A mãe surge como primeira opção para pedir ajuda, caso se encontrem na mesma situação que a da Joana. Estes resultados refletem a preferência dos jovens por ajuda informal em vez de ajuda profissional quando confrontados com um problema de saúde mental. Realçamos também o papel relevante dos namorados/as como fonte de procura de ajuda se os jovens enfrentassem uma situação semelhante à Joana, enquanto os professores não surgem como uma fonte de ajuda preferencial. Em relação à confiança para pedir ajuda a essa pessoa, verificou-se que o nível de confiança é elevado.

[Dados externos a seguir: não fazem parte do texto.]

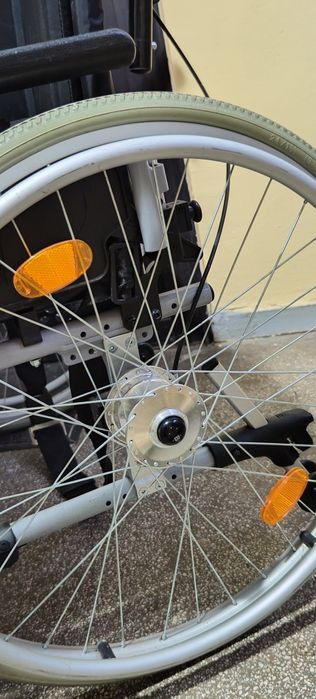 Vând scaun cu rotile pt persoane cu dizabilități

Estes resultados implicam uma maior necessidade de promover a correta identificação do problema de forma a evitar grandes desfasamentos entre a linguagem do senso comum e a dos profissionais, o que permitirá a adequada procura de ajuda e facilitará a interação entre todos os possíveis atores deste processo. Focar aspetos relativos à procura de ajuda apropriada, como a procura de profissionais de saúde especializados é importante na medida em que estes jovens valorizam o apoio informal.

Os resultados demonstram que são necessárias ações de educação e sensibilização para a saúde mental em contexto escolar, de forma a elevar os valores de literacia em saúde mental dos adolescentes e jovens portugueses. O aumento da literacia em saúde mental levará a um reconhecimento precoce e correto das perturbações mentais, levando a comportamentos de procura de ajuda adequados e melhores resultados futuros.